Para este momento es de sobra conocido el desplegado que firmaron 650 valiosas voces y plumas para defender el derecho a la libertad de expresión. No es urgencia menor de ninguna manera ese llamado, porque en realidad lo que se defiende no es sólo ejercer el derecho de expresarse. Lo que se defiende es el derecho de expresar opiniones propias, se defiende la libertad de criticar, de exigir. Se defiende la libertad de expresión de las ideas, de ejercer la libertad de pensamiento y expresarlo.
La defensa de la libertad de expresión no se limita a los 650 nombres que aparecen ahí. Su alcance llega a todos, para tener una idea propia y manifestarla; hoy, en la época de hiperconexión que se vive, es en el ecosistema digital donde tiene implicaciones aún más amplias.
Defender la libertad de expresión como la capacidad de manifestar las propias ideas también es defender la veracidad, la credibilidad, la confianza en lo que se expresa. Se defiende el derecho de ofrecer elementos que enriquezcan la diversidad de ideas para mantener la capacidad de discernir lo que es verdad de lo que no lo es y, en el extremo, lo que es real de lo que no lo es.
La batalla que existe en este momento, y no sólo en México, es que se trata de destruir la confianza y la credibilidad en las fuentes de información que no son convenientes a los regímenes en funciones. Se ha llegado al extremo absurdo de la resignificación de los hechos, de la historia y a la reconceptualización de términos y palabras.
Se busca que no se les crea a ciertas fuentes, nombres y medios; se pretende destruir su reputación, y además se castiga a quienes comparten su información y sus opiniones. No se puede menospreciar la gravedad, por su intensidad, violencia y alcance, de los recurrentes linchamientos digitales, en más de una ocasión instigados por los dichos del micrófono mañanero.
La escena global es grave: la información, como elemento básico de consumo masivo, no es por sí misma útil si la audiencia no tiene los elementos previos para evaluar su contenido, y a partir de su comprensión convertirla en conocimiento para que le permita la comprensión de su entorno.

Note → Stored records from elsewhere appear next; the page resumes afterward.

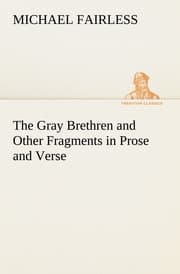 Cover von The Gray Brethren and Other Fragments in Prose and Verse
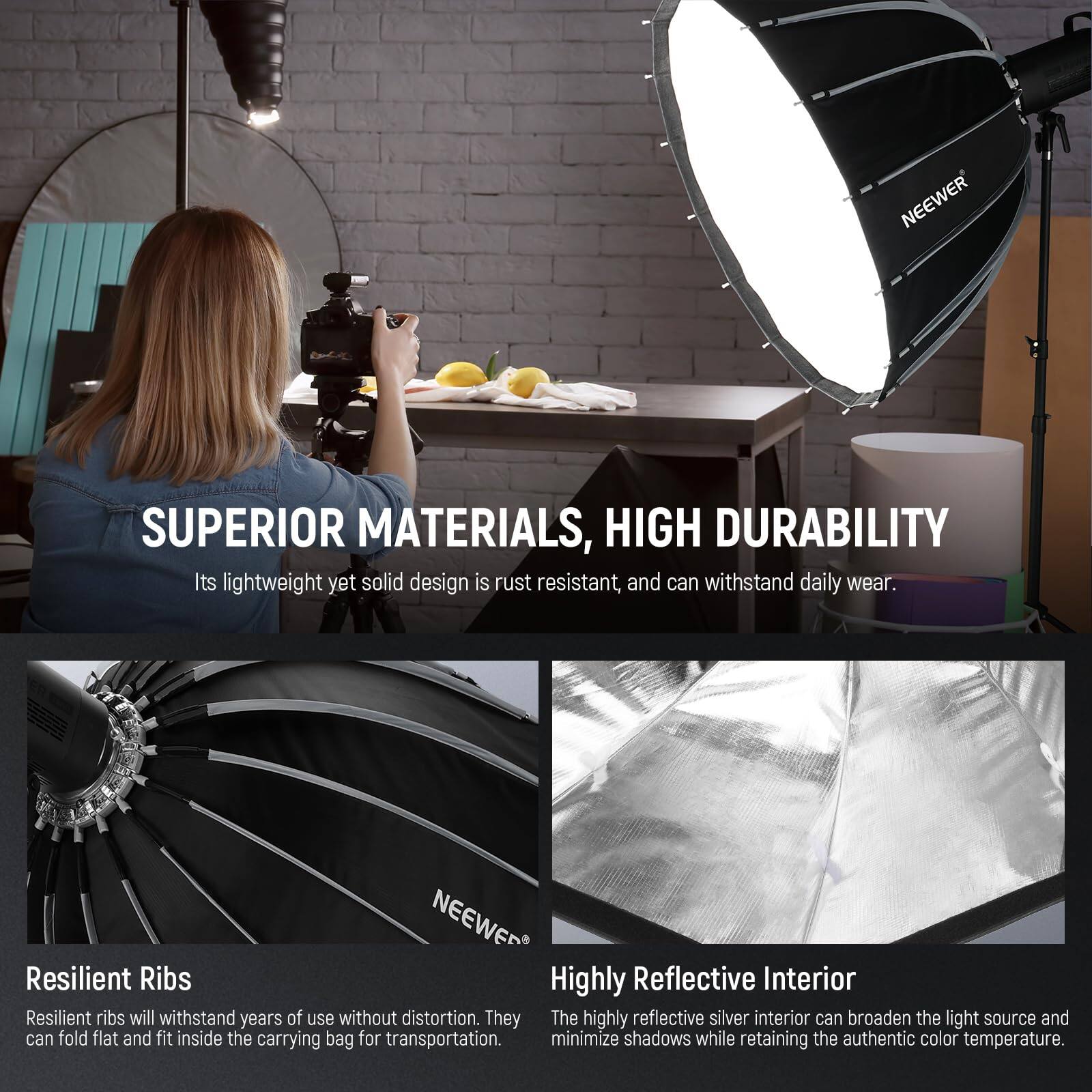 **SUPERIOR MATERIALS, HIGH DURABILITY**

Its lightweight yet solid design is rust resistant, and can withstand daily wear.

**Resilient Ribs**

Resilient ribs will withstand years of use without distortion. They can fold flat and fit inside the carrying bag for transportation.

**Highly Reflective Interior**

The highly reflective silver interior can broaden the light source and minimize shadows while retaining the authentic color temperature.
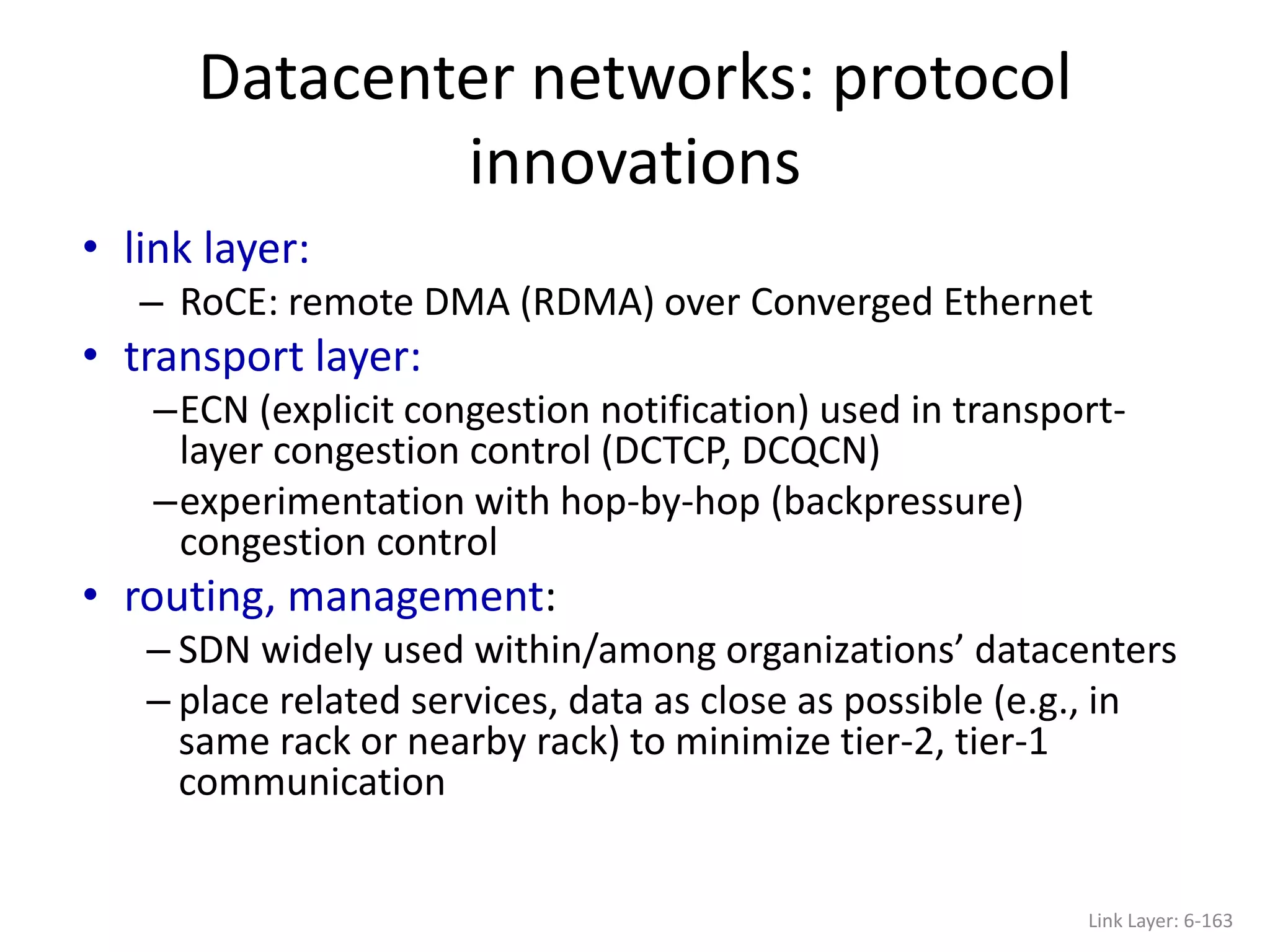 • link layer:
– RoCE: remote DMA (RDMA) over Converged Ethernet
• transport layer:
–ECN (explicit congestion notification) used in transport-
layer congestion control (DCTCP, DCQCN)
–experimentation with hop-by-hop (backpressure)
congestion control
• routing, management:
– SDN widely used within/among organizations’ datacenters
– place related services, data as close as possible (e.g., in
same rack or nearby rack) to minimize tier-2, tier-1
communication
Datacenter networks: protocol
innovations
Link Layer: 6-163
 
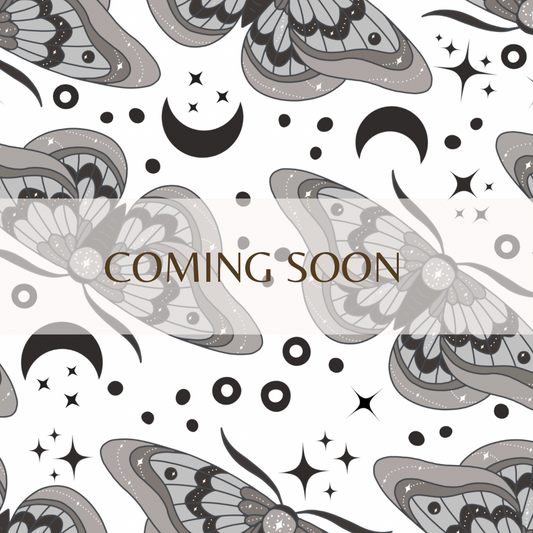 *coming soon* Grey Moths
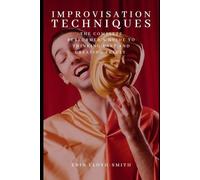 Improvisation Techniques: The Complete Performer's Guide to Thinking Fast and Creating Freely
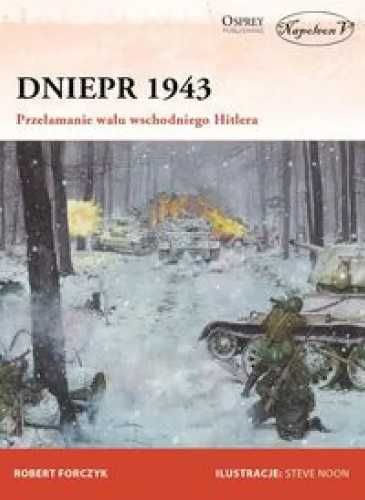 Dniepr 1943 Przełamanie wału wschodniego Hitlera - Robert Forczyk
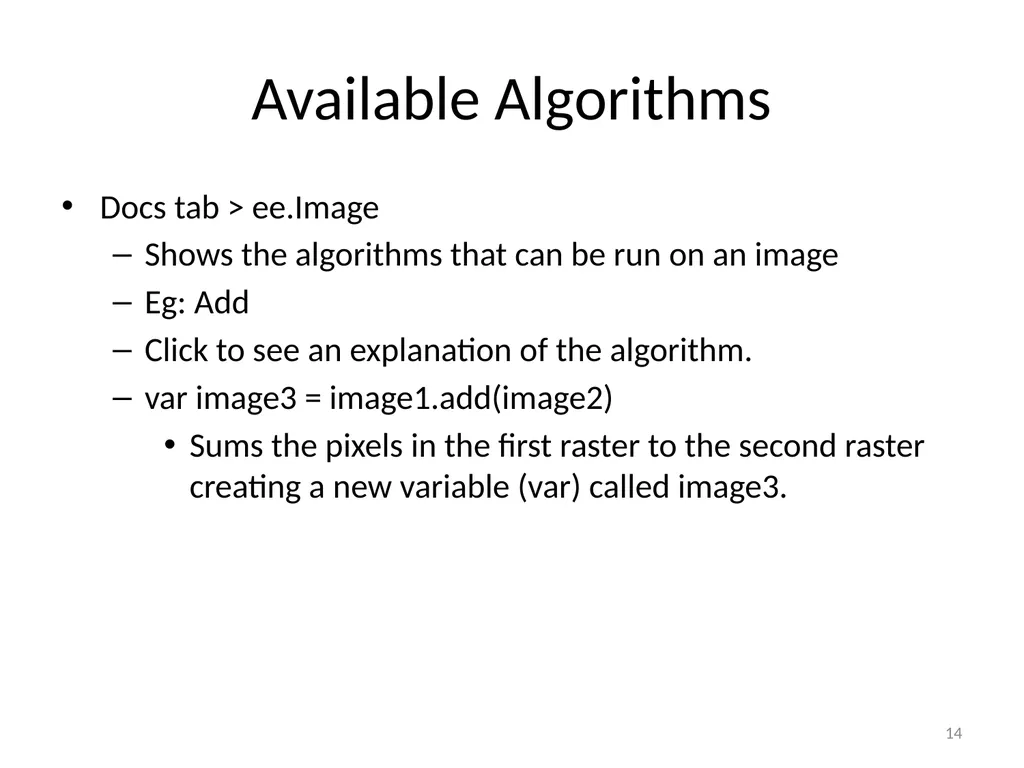 Google Earth Engine Introduction 1 Outline What is - slide 14 of 69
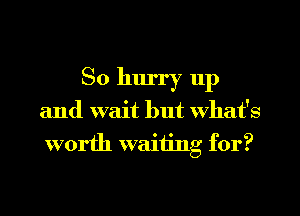 So hurry 11p

and wait but What's
worth waiting for?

Así, bajo esta simple premisa, el criterio que se tiene para esa valoración queda en la afinidad, simpatía y confianza que se puede tener en la fuente que ofrece esa información. Se cree más por la confianza en quién lo dice, que en la certeza de lo que dice; eso se acepta como verdad y se usa para interpretar la realidad.
Hay de sobra ejemplos que demuestran que, en efecto, el régimen en funciones es gravemente refractario a todo cuanto vaya en contra de la narrativa oficial, la cual se busca imponer al denostar a los emisores y sus medios mientras se evaden los hechos, los datos y la información.
Pensar que esa exigencia se limita exclusivamente a la capacidad económica de quienes tienen acceso a ocupar el espacio en los medios tradicionales es tener una visión obtusa de la situación que se vive. Es creer y dar por válido uno de los tantos infundios que equiparan el ingreso a la compra de conciencias, opiniones y plumas. Tampoco se debe creer que libertad de expresión es solamente exigir libertad de prensa.
En el ambiente hiperconectado de hoy, la capacidad de acceder a medios masivos, en cualquiera que sea su formato, ya no es la única ni posiblemente la principal vía por la que se ejerce la expresión de las ideas y del libre pensamiento. Equiparar evitar o limitar el tiraje de un impreso o la difusión de un programa de radio o televisión como única forma de censura, es ver parcial y sesgadamente el problema.
El asedio a la posibilidad de expresarse es más amplio que eso. Limitar ese derecho no se restringe a silenciar a los emisores y sus medios; el ejercicio de censura ha alcanzado formas y métodos sutiles y complejos, pero no menos nocivos. Ahora el usuario habitual, que no tiene el espacio en un medio masivo ni la carrera de los 650 firmantes, tiene el mismo derecho de ejercer la expresión de sus ideas y opiniones en el ecosistema digital, en las redes sociales, y eso ha sido coartado por ejercicios amplios y coordinados de censura coercitiva.
El problema, en mayor medida, es el acoso constante, sostenido, reiterado, el incesante ejercicio de coerción y coacción a quien se atreve a disentir de la postura en la narrativa oficial.
Se busca el silencio de las críticas, anular las exigencias, pero es aún más grave: con la constante y reiterada coerción se busca sofocar el espacio del consenso y la organización, mientras se mantienen dinámicas de polarización cada vez más graves.
El centro del problema es defender la capacidad de seguir ejerciendo el derecho de usar la voz, que hoy además encuentra espacios tan diversos como las posibilidades que ofrecen las redes sociales, y donde también es perceptible el asedio que se vive.
Hagamos red, sigamos conectados. Nunca hagamos silencio, excepto sí es por voluntad propia.